What the task asks>
Leave the pictures out and repeat the rest of the data below exactly.

Information provided>

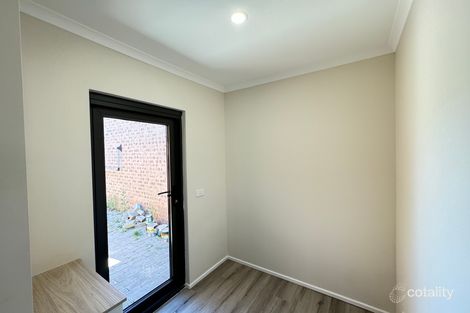 Property photo of 32 Windradyne Street Ngunnawal ACT 2913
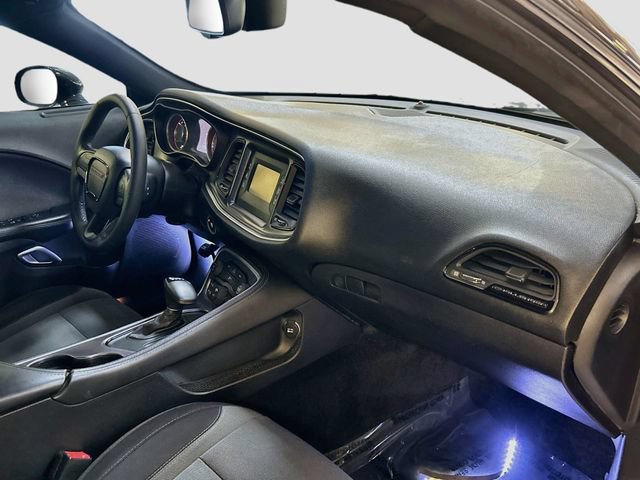 Used 2015 Dodge Challenger SXT RWD image 27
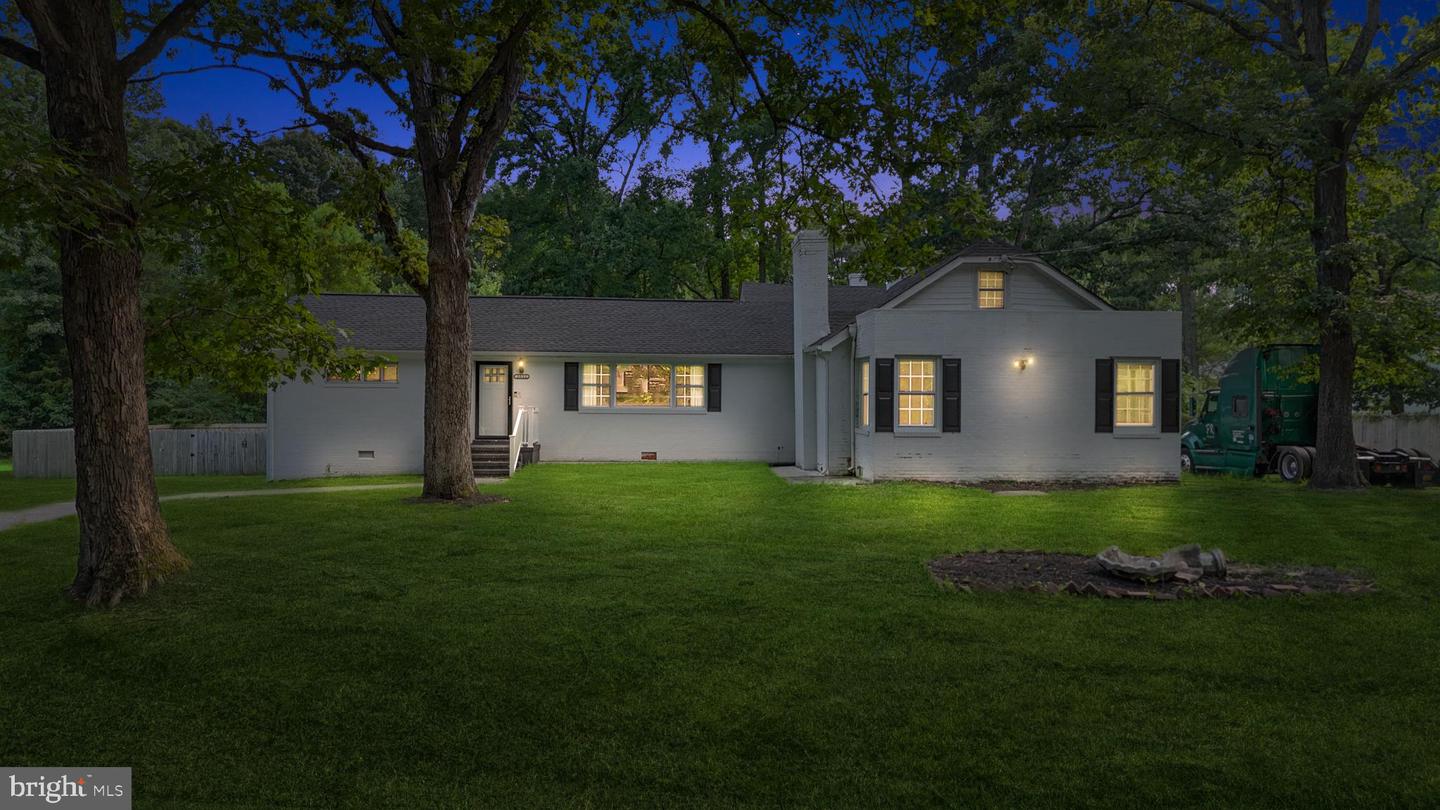 3811 TERMINAL AVE, RICHMOND, Virginia 23224, 4 Bedrooms Bedrooms, 6 Rooms Rooms,2 BathroomsBathrooms,Residential,For sale,3811 TERMINAL AVE,VARC2000748 MLS # VARC2000748 3811 TERMINAL AVE, RICHMOND, Virginia 23224, 4 Bedrooms Bedrooms, 6 Rooms Rooms,2 BathroomsBathrooms,Residential,For sale,3811 TERMINAL AVE,VARC2000748 MLS # VARC2000748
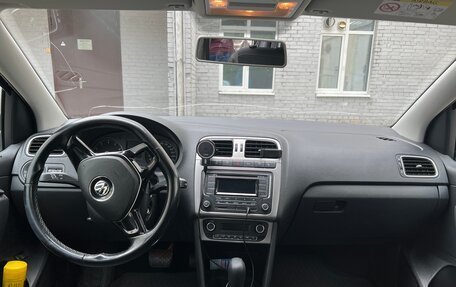 Volkswagen Polo VI (EU Market), 2016 год, 1 200 000 рублей, 16 фотография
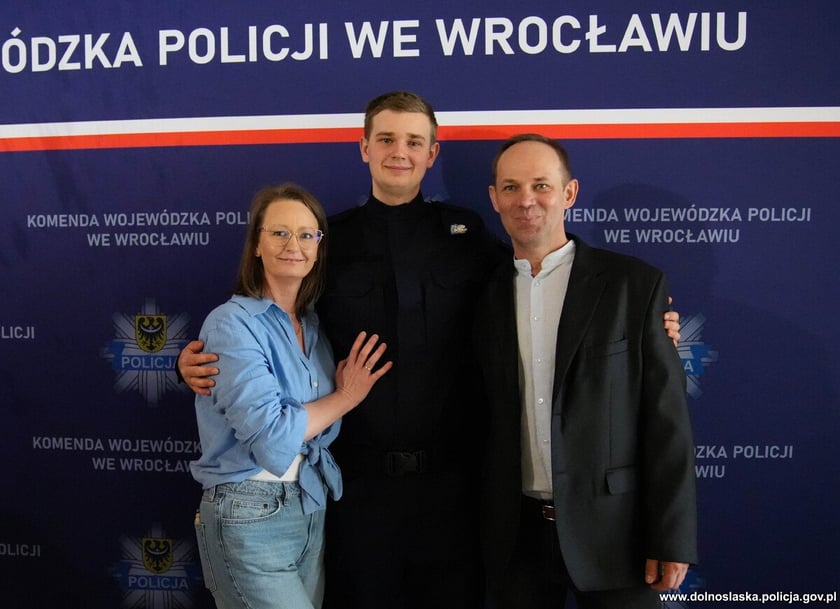 Ślubowanie nowoprzyjętych policjantów garnizonu dolnośląskiego w Sali Rycerskiej wrocławskiego Ratusza.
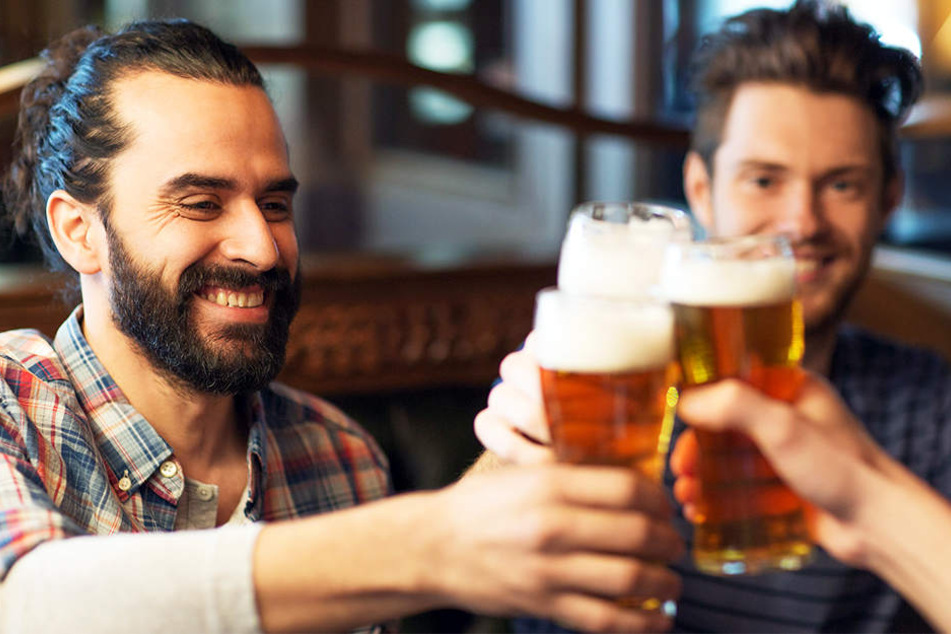 Deutsche genießen im ganzen Jahr gerne mal ein kaltes Bierchen.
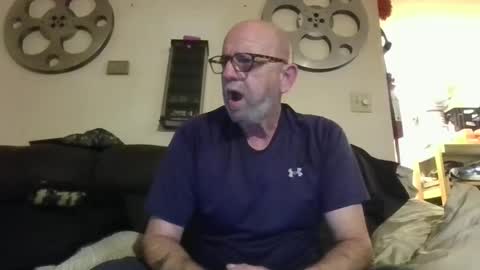 Snapshot of mondaymonday chatting on 02.24.25 mondaymonday online show from 02.24.25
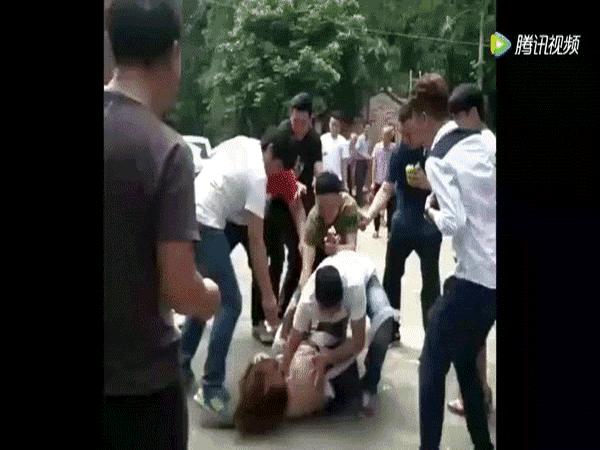 Thấy cô phù dâu xinh đẹp, nhóm bạn của chú rể tranh thủ sàm sỡ tập thể và cái kết đắng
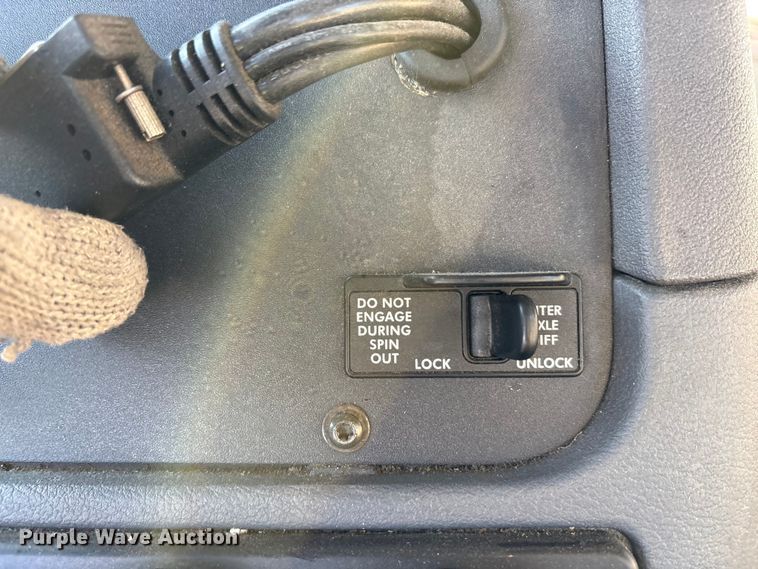 image for item YA2291 2017 Freightliner Cascadia 125 semi truck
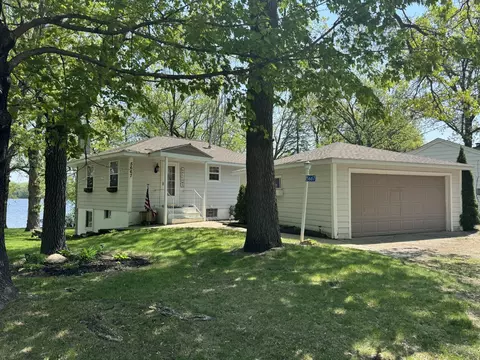 5667 107th Ave SE, Clear Lake, MN 55319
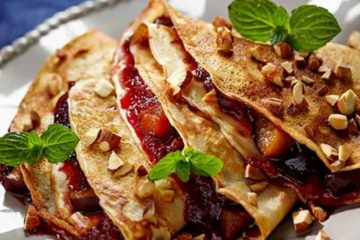Cinnamon pancakes with plums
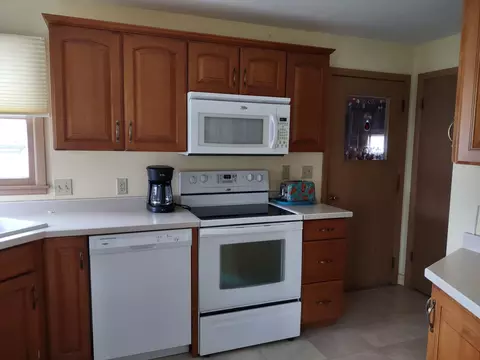 Kitchen - 122 E 10th St, Madison, MN 56256 photo 2 of 4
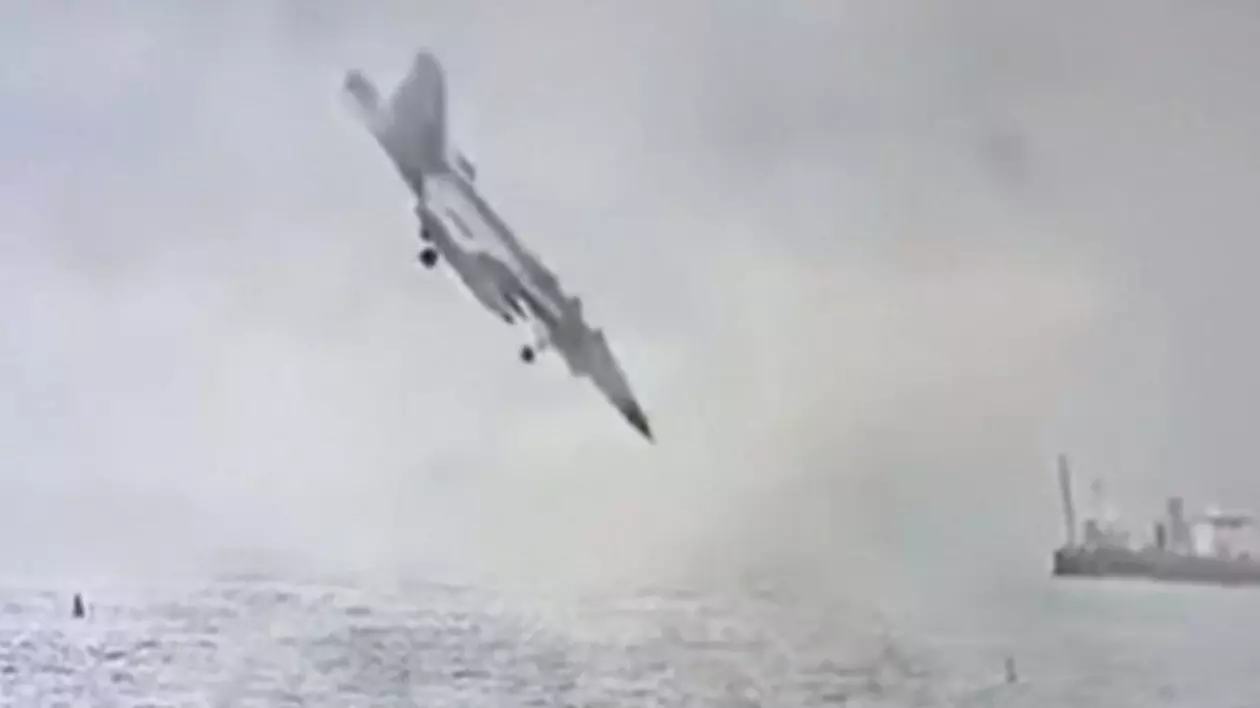 Momentul în care un avion american de luptă s-a prăbușit în portul San Diego | VIDEO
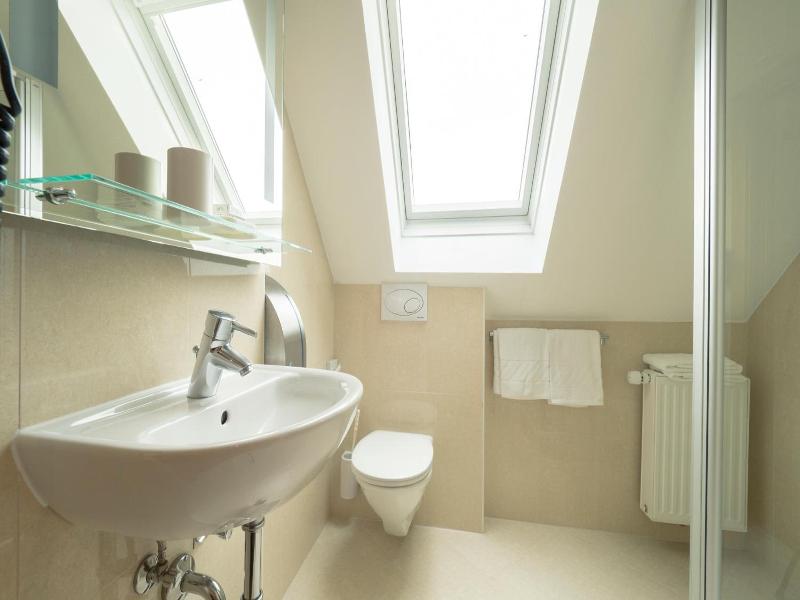 Hotel Guter Hirte image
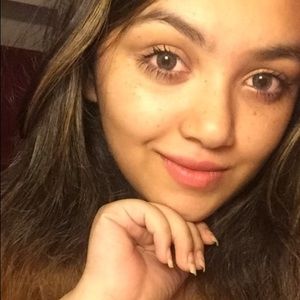 Meet your Posher, Ikraa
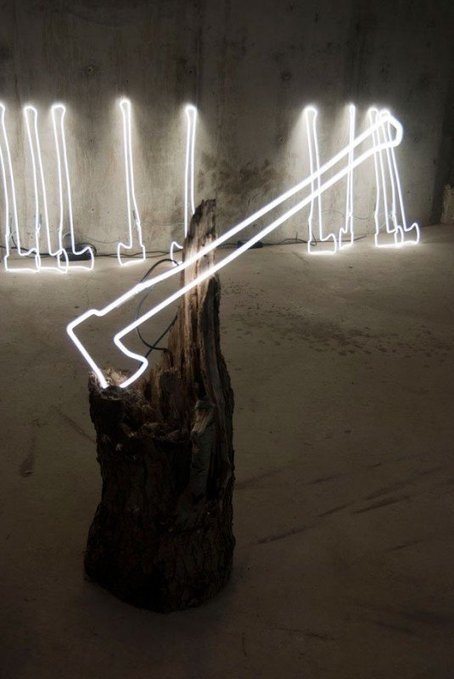 Illuminated Ax - iD Lights - Cool and Nice Lights / Lamps | 1001 Light ideas ! | Scoop.it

Exercise answer>
 Property photo of 32 Windradyne Street Ngunnawal ACT 2913
 Used 2015 Dodge Challenger SXT RWD image 27
 3811 TERMINAL AVE, RICHMOND, Virginia 23224, 4 Bedrooms Bedrooms, 6 Rooms Rooms,2 BathroomsBathrooms,Residential,For sale,3811 TERMINAL AVE,VARC2000748 MLS # VARC2000748 3811 TERMINAL AVE, RICHMOND, Virginia 23224, 4 Bedrooms Bedrooms, 6 Rooms Rooms,2 BathroomsBathrooms,Residential,For sale,3811 TERMINAL AVE,VARC2000748 MLS # VARC2000748
 Volkswagen Polo VI (EU Market), 2016 год, 1 200 000 рублей, 16 фотография
 Ślubowanie nowoprzyjętych policjantów garnizonu dolnośląskiego w Sali Rycerskiej wrocławskiego Ratusza.
 Deutsche genießen im ganzen Jahr gerne mal ein kaltes Bierchen.
 Snapshot of mondaymonday chatting on 02.24.25 mondaymonday online show from 02.24.25
 Thấy cô phù dâu xinh đẹp, nhóm bạn của chú rể tranh thủ sàm sỡ tập thể và cái kết đắng
 image for item YA2291 2017 Freightliner Cascadia 125 semi truck
 5667 107th Ave SE, Clear Lake, MN 55319
Cinnamon pancakes with plums
 Kitchen - 122 E 10th St, Madison, MN 56256 photo 2 of 4
 Momentul în care un avion american de luptă s-a prăbușit în portul San Diego | VIDEO
 Hotel Guter Hirte image
 Meet your Posher, Ikraa
 Illuminated Ax - iD Lights - Cool and Nice Lights / Lamps | 1001 Light ideas ! | Scoop.it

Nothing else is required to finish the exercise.